All-solid-state photoelectrochemical energy conversion with the conjugated polymer poly[3-(4-octylphenyl)-2,2′-bithiophene]

The behaviour of an all-solid-state photoelectrochemical cell containing a conjugated polymer, poly[3-(4-octylphenyl)-2,2′-bithiophene], film as a photoactive electrode, a solid polymer electrolyte, poly[oxymethylene-oligo(oxyethylene)] complexed with redox couple, and a counter electrode was studied. The cell converted light to electricity, operating in a regenerative mode. The short circuit current and open circuit voltage generated with white light illumination at approximately one sun were 0.4 μA cm−2 and 240 mV, respectively. Evidence for the diffusion of the redox species inside the photoelectrode is reported. Two redox couples, I3−/I− and Eu2+/3+ have been used.
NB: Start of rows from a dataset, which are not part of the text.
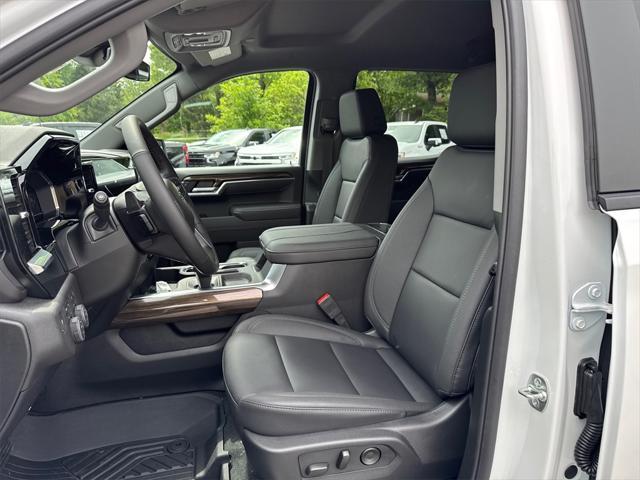 new 2025 Chevrolet Silverado 1500 car, priced at $57,149
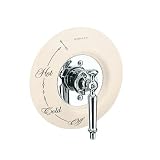 KOHLER K-146-47 Antique Ceramic Dial Plate, Almond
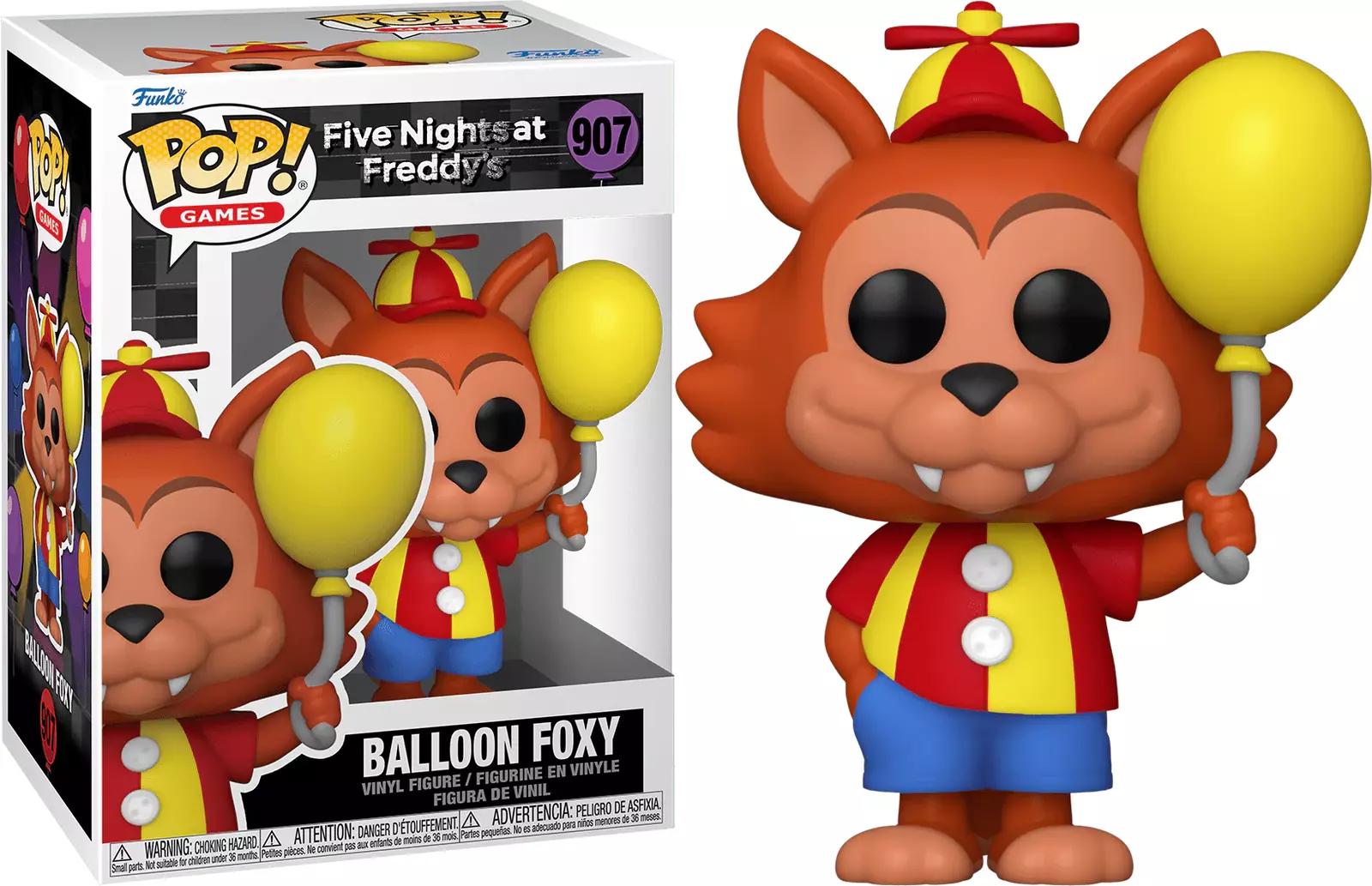 Balloon Foxy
Action spectra revealed that the active junction responsible for the photocurrent generation was that between the conjugated polymer and the polymer electrolyte. All tested models gave poor fits to these action spectral data. Steady state and transient photocurrent-time dependence studies indicated that the system was relatively stable towards light irradiation. The thickness dependence of the photocurrent, the time dependence and incident light intensity dependence of the short circuit current and the open circuit voltage were also studied.